All are super cute. Good job to you and Hope for raising a wonderful looking litter!


----------



## 18453 (Feb 6, 2010)

flippedstars said:


> hehe I know Verbena is awwwwesomely adorable! I have horrid alergies to just about everything but I do just fine with Oakley and Triglet even though they are SC. It took about a week and then I was fine once I got Oakley...maybe borrow someone's SC and see what happens! hehe


I had a sc for 3 days and ended up on steroids never had any issues before dunno how i'd be now. I don't even know anyone near by to try again.
she my dinky dot


----------



## Terri (Aug 21, 2009)

Oh they are all looking so well and absolutely gorgeous!!
I love Hopper too, and the one that has the same Markings as Tiny, lovely colour!
Cant remember the name now as am at the end. lol

It's nice to see them progress. xx


----------



## KittyD (Apr 2, 2010)

Ohhh what sweet little babies! I'm with you!
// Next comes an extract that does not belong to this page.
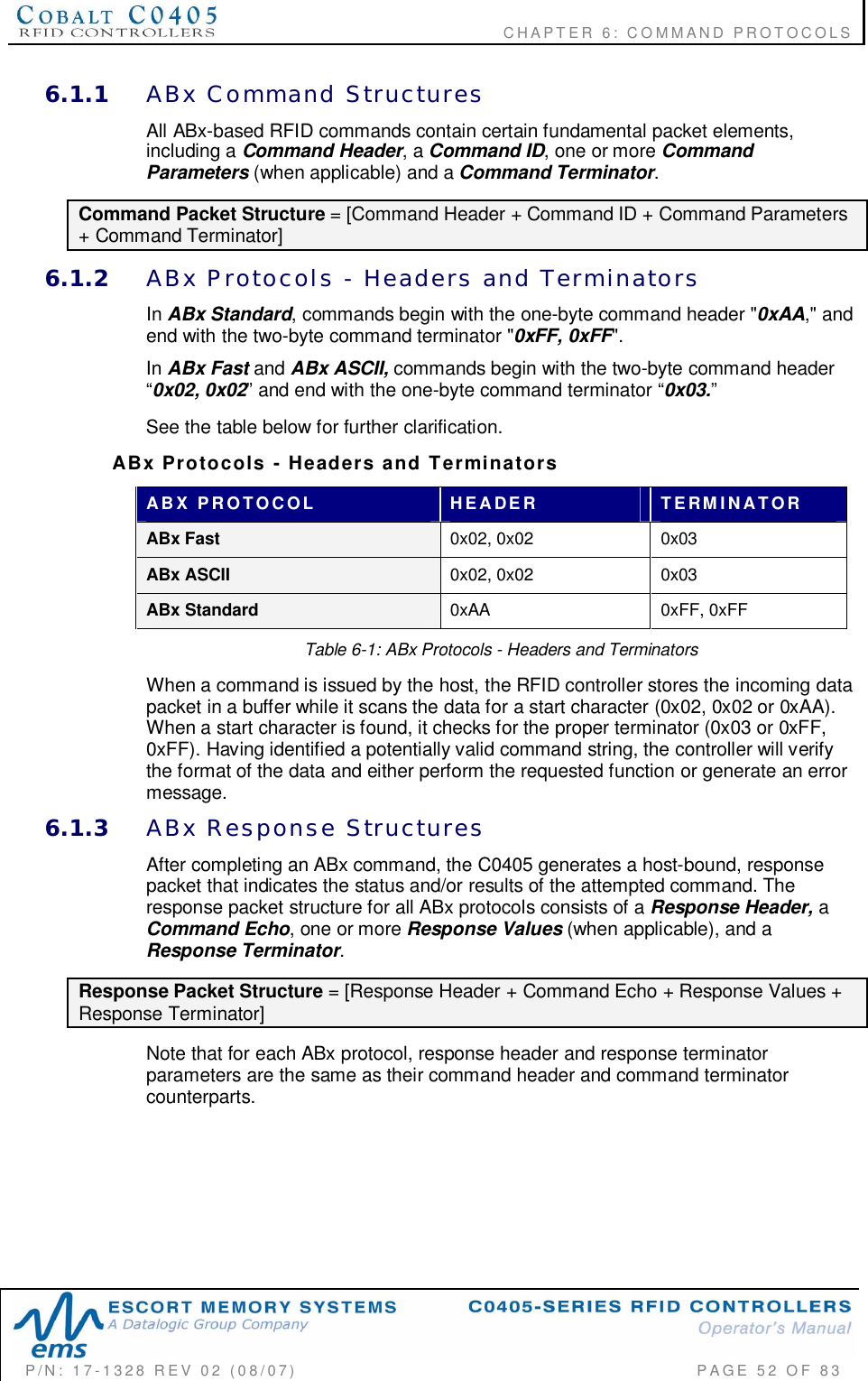                                           CHAPTER 6: COMMAND PROTOCOLSP/N:  17-1328  REV  02  (08/07)           PAGE  52  OF 836.1.1 ABx  Command  StructuresAll ABx-based RFID commands contain certain fundamental packet elements,including a Command Header, a Command ID, one or more CommandParameters (when applicable) and a Command Terminator.Command Packet Structure = [Command Header + Command ID + Command Parameters+ Command Terminator]6.1.2 ABx  Protocols  -  Headers  and  TerminatorsIn ABx Standard, commands begin with the one-byte command header &quot;0xAA,&quot; andend with the two-byte command terminator &quot;0xFF, 0xFF&quot;.In ABx Fast and ABx ASCII, commands begin with the two-byte command header“0x02, 0x02” and end with the one-byte command terminator “0x03.”See the table below for further clarification.ABx  Protocols  -  Headers  and  TerminatorsABX  PROTOCOL HEADER TERMINATORABx Fast 0x02, 0x02 0x03ABx ASCII 0x02, 0x02 0x03ABx Standard 0xAA 0xFF, 0xFFTable 6-1: ABx Protocols - Headers and TerminatorsWhen a command is issued by the host, the RFID controller stores the incoming datapacket in a buffer while it scans the data for a start character (0x02, 0x02 or 0xAA).When a start character is found, it checks for the proper terminator (0x03 or 0xFF,0xFF). Having identified a potentially valid command string, the controller will verifythe format of the data and either perform the requested function or generate an errormessage.6.1.3 ABx  Response  StructuresAfter completing an ABx command, the C0405 generates a host-bound, responsepacket that indicates the status and/or results of the attempted command. Theresponse packet structure for all ABx protocols consists of a Response Header, aCommand Echo, one or more Response Values (when applicable), and aResponse Terminator.Response Packet Structure = [Response Header + Command Echo + Response Values +Response Terminator]Note that for each ABx protocol, response header and response terminatorparameters are the same as their command header and command terminatorcounterparts.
Sarah that Verbena is a a little stunner.

You have your hands full no doubt but they look wonderful!

Good job


----------



## TwilightGirlKay (Nov 23, 2009)

Adorable puppies 
I love 'em all !!SQUEEL!!


----------



## sandymaynard (Mar 14, 2010)

Oh I love the look of all of them! They looks os cute


----------



## Tanna (Jan 29, 2009)

They atre truly beautiful. Can we see a pic of little Hope?


----------



## MChis (Oct 13, 2009)

Awww!! Wow, has it really been 2 weeks already?! I'm so glad they are all growing & developing so well. What a lot of work they must be but they are SO worth it I'm sure! You very well could have some LC's in there. The namelss boy looks like he may be LC as well as a couple of the white/creasm? It's sort of hard to tell at this point though but wouldn't that be neat if there were!

I love watching them grow though...thanks for sharing!!


----------



## jan896 (Dec 9, 2009)

i Love Hopper.......wish I lived closer......... *sigh*


----------



## QUIGLEY'S MOM (Jan 12, 2010)

OMG what can I say thas has not already been said. Your babies are so beautiful.


----------



## Tracilea (Jul 27, 2009)

OMG I LOVE ALL of them!!! I so look forward to pics of them!  Its so awesome to watch them grow and watch how their colours develop!


----------



## elaina (Jul 1, 2008)

they are all gorgeous. good thing i dont live closer to you because if i did, and if a girl was available, i'd be wanting to buy one for sure


----------



## ilovemychiCAMI (Jan 12, 2010)

They are so cute  Hopper is my fav


----------



## 18453 (Feb 6, 2010)

MChis said:


> Awww!! Wow, has it really been 2 weeks already?! I'm so glad they are all growing & developing so well. What a lot of work they must be but they are SO worth it I'm sure! You very well could have some LC's in there. The namelss boy looks like he may be LC as well as a couple of the white/creasm? It's sort of hard to tell at this point though but wouldn't that be neat if there were!
> 
> I love watching them grow though...thanks for sharing!!


Can 2 smooth parents throw long babies?
robyn if one becomes a long coat auntie sarah is coming for a visit


----------



## *Chloe* (Feb 6, 2006)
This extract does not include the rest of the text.